Reproduce the lines below exactly, from the one containing "Anck su Namun (Patricia Velasquez)" through the one containing "Cercas de Segurança Robusta", both included. Leave out any pictures.

#### Listed entries
================
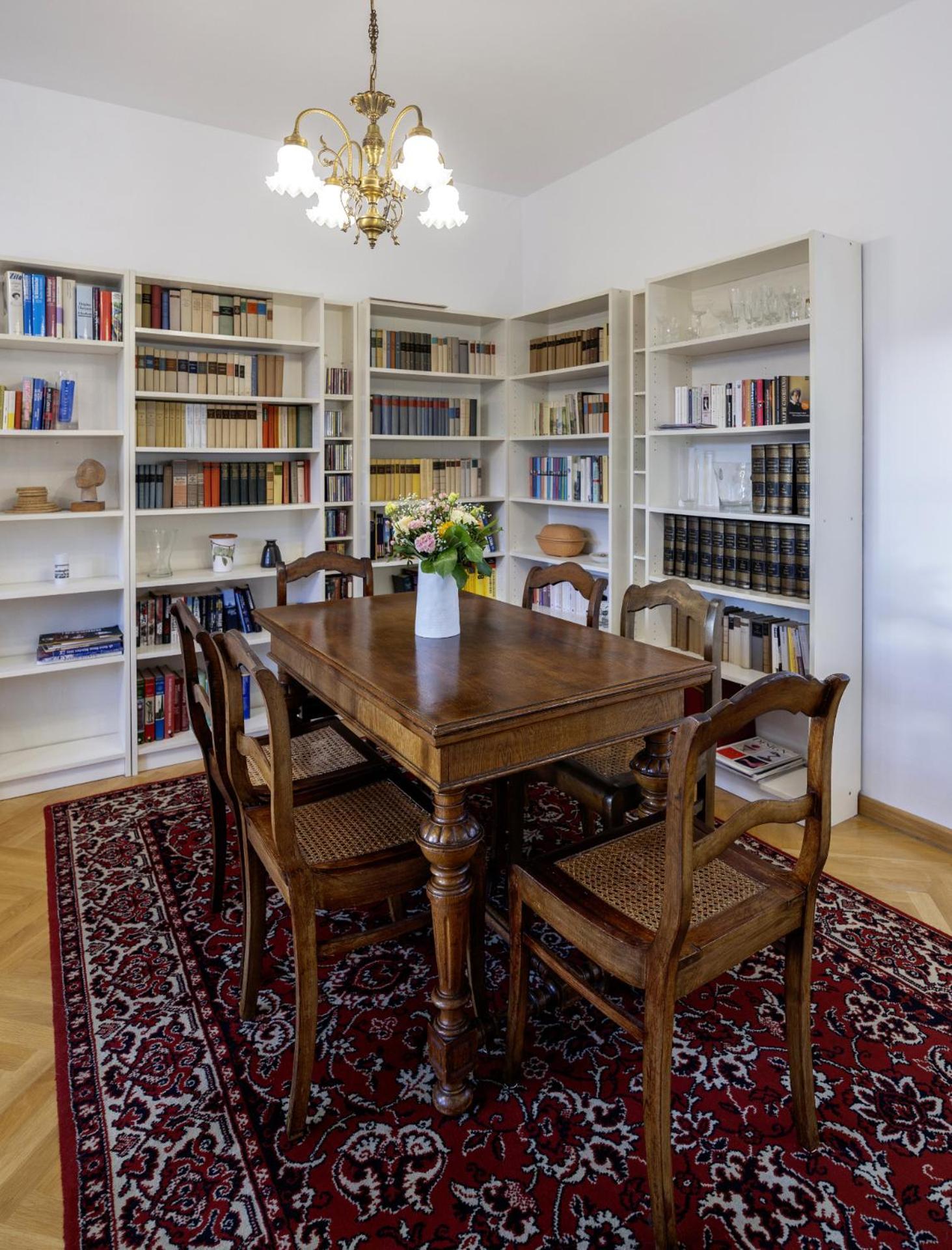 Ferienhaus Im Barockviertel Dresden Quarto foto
================
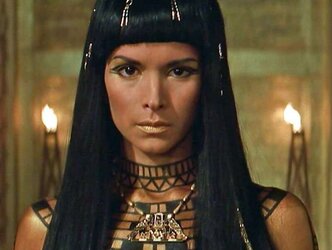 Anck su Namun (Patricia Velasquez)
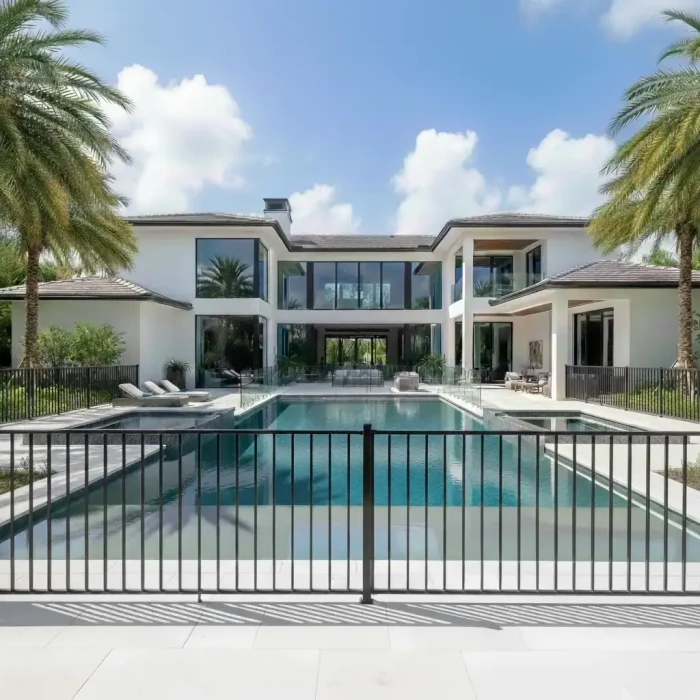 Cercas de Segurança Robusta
================
#### Solution to this task
 Anck su Namun (Patricia Velasquez)
 Cercas de Segurança Robusta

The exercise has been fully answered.